● **TASK TO CARRY OUT**
Write the lines below out exactly, dropping each picture.

● **DATASET EXTRACT**
[Start of section]

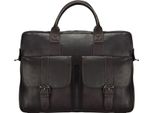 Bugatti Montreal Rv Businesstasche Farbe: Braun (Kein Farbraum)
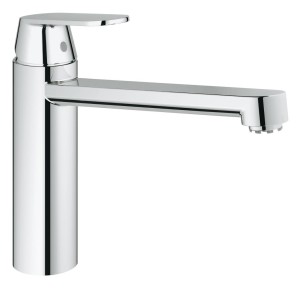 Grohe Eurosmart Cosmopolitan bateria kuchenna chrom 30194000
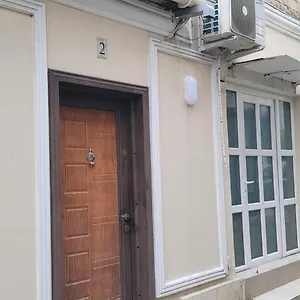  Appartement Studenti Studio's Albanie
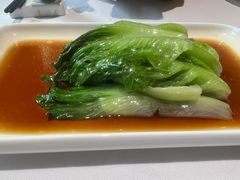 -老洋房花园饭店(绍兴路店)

[End of section]

● **SOLUTION TO THIS EXERCISE**
 Bugatti Montreal Rv Businesstasche Farbe: Braun (Kein Farbraum)
 Grohe Eurosmart Cosmopolitan bateria kuchenna chrom 30194000
  Appartement Studenti Studio's Albanie
 -老洋房花园饭店(绍兴路店)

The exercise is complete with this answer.